The Swiss film director Georges Gachot had to wait for 20 years before he could portray the pianist Martha Argerich, who is not eager about publicity. The result of the shooting in Zürich, Germany and Argentina is a film that wins us over for both itself and its protagonist through openness and honesty. The conversational sequences are complemented by live concert recordings and rehearsal excerpts.
Film by Georges Machot (France 2002/2009), with german subtitles
Martha Argerich, one of the greatest pianists of our time, is considered musically uncompromising, not easy in her personal life and definitely not eager about publicity. The Swiss film director Georges Gachot had to wait for 20 years before he could portray her. It was worth the wait. The result of the shooting in Zürich, Germany and Argentina is a film that wins us over through openness and honesty – for both itself and its protagonist.
Peter Hagmann, music critic of the Neue Zürcher Zeitung, found the film “very touching”: “The images from her early years are moving enough: Martha Argerich as a well-behaved little girl at home at the piano, as Friedrich Gulda’s (only) piano pupil, as prize-winner of the Chopin Competition in Warsaw, as a young soloist with conductors […] She seems to have learned to trust the filmmaker, who accompanied her discreetly; in any case, she speaks in a spirited and lively way. And yet she reveals little about herself. Nonetheless, she relates her inner connection with the composers whose music she’s playing, and also recounts her fear of sitting alone on the stage, and talks about cancelling.”
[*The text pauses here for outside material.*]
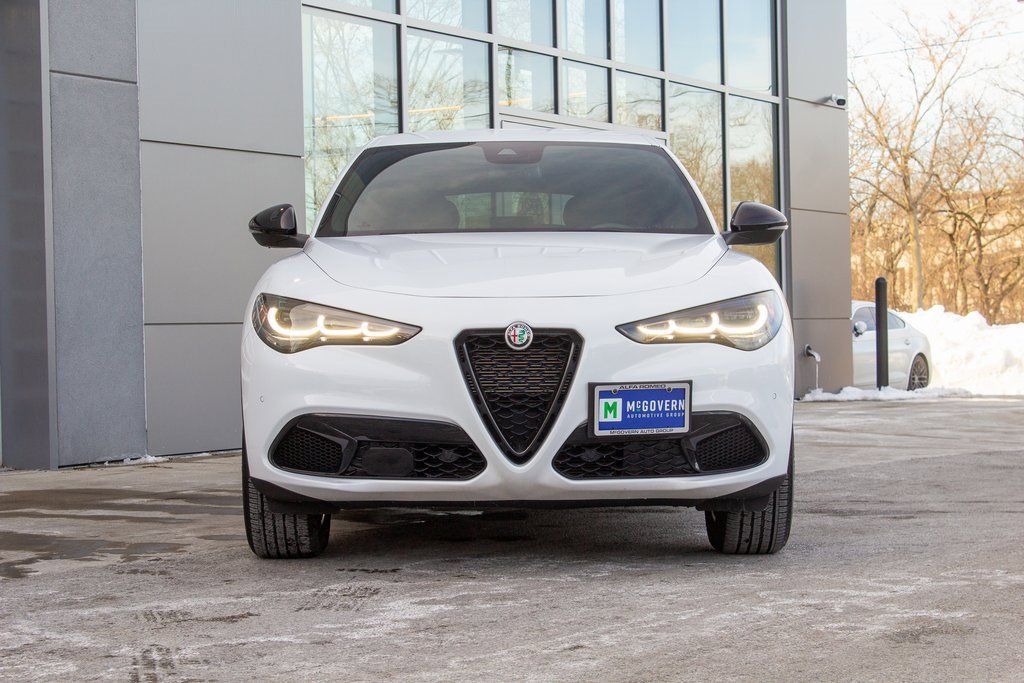 Used 2024 Alfa Romeo Stelvio Sprint image 2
The conversational sequences are complemented by live concert recordings and rehearsal excerpts, where her “relating” takes place very openly. Thus we see and hear how the pianist, rehearsing Schumann’s Piano Concerto, comes to an agreement with the concertmaster of the Württembergisches Kammerorchester about a way to play – the conductor is not able to be responsive to her wishes or suggestions.